Between Garden and 10th Avenue

It’s now the High Line Hotel. Before that, the Desmond Tutu Conference Center; right before that, the Chelsea apartment I called home for a year. It stretched the width of the building, wrapping around the grand marble staircase leading to General Seminary’s vaulted refectory. Windows on one side revealed dumpsters, a dilapidated parking lot, and the 10th Avenue municipal maintenance facility for Manhattan’s trash and utility trucks. The window on the opposite side offered a leafy view of a quiet garden alive with birds, butterflies, squirrels, and brown rabbits. This gothic building, along with several others, formed the wall that surrounded the entire block along 9th and 10th avenues, between 20th to 21st streets. My older son learned to walk on its painted wooden floors and its hosta-lined garden paths while my husband learned how to be an Episcopal priest and I wrote my dissertation.

It’s a curious space to occupy, the residential barrier betwixt garden and city traffic. In recent years, I’ve come to see it as an image of the spiritual life. Cultivating a quiet space of reflection and communion with God on the inside while living in the world of noise, opportunity, strife, and beauty. Without the larger world as a reference point, my spiritual life can become disconnected – something that only has to do with me and my particular understanding of God. Without a quiet space of reflection and worship, the noise of everyday life drowns out angel song and prophetic vision alike.

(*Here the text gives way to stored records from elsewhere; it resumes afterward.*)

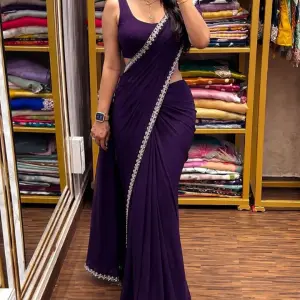 D 34 💜 Elegant Purple Saree with Designer Embroidered Jacket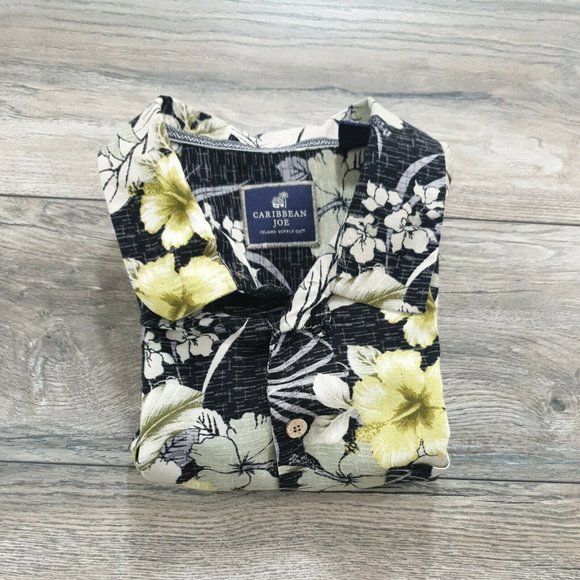 Caribbean Joe Men XL Short Sleeve Hawaiian Shirt Floral Island Tropical Vacation - Picture 10 of 11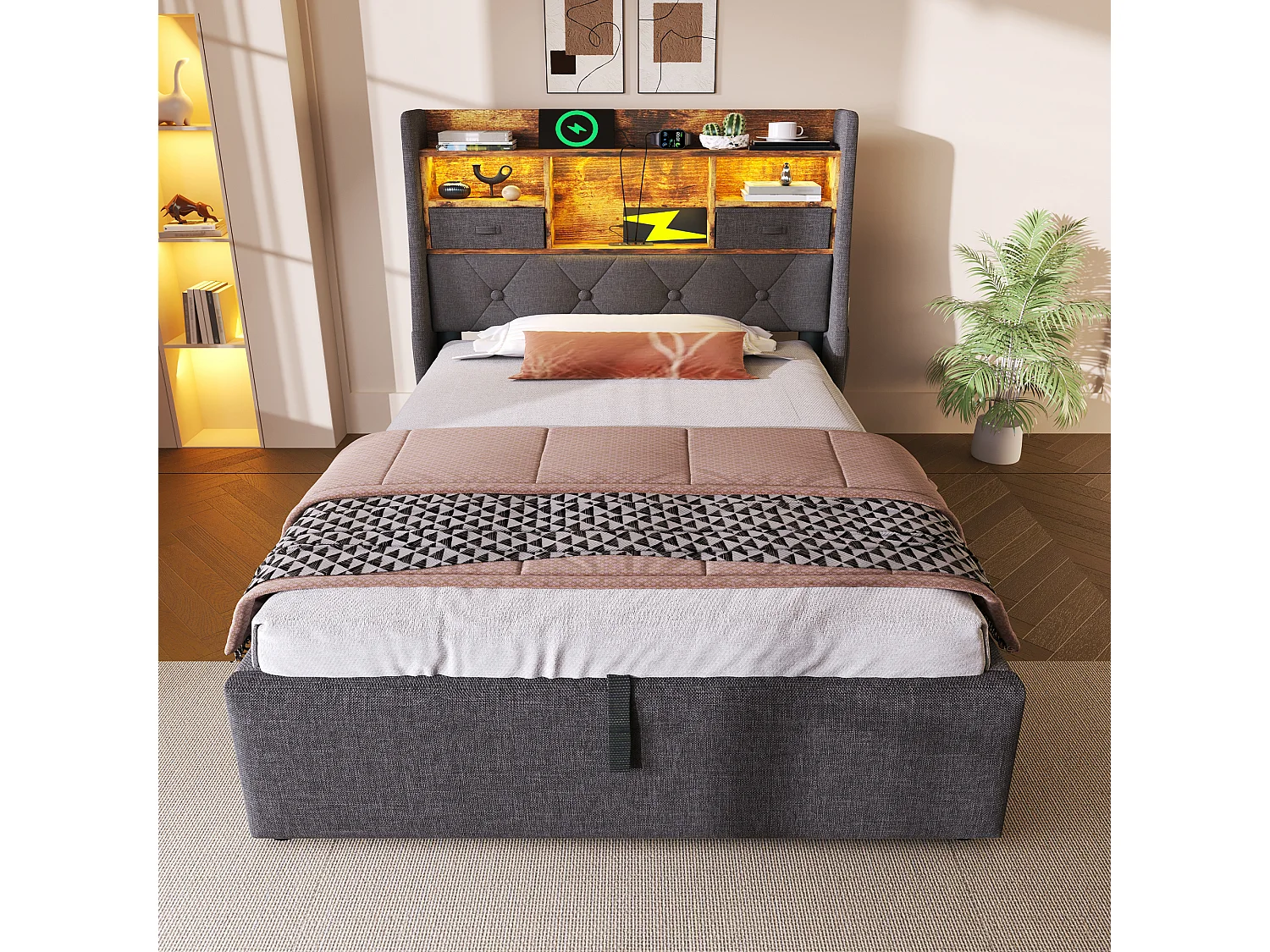 Lit coffre rembourré - 90 x 200 cm - tête de lit Leds + 4 stations de charge (USB/Type-C) - lin - gris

There were a lot of inconvenient things about living between garden and avenue – car exhaust sprinkled fine black powder on the window sills every day, the closest exit to the street was a half block walk, and there were three keys necessary to get from street to my front door. But I am grateful for all of them: a deeply faithful life that connects inner peace with the broken, beautiful world isn’t lived at my convenience – nothing true and sacred ever is, was, or could be convenient.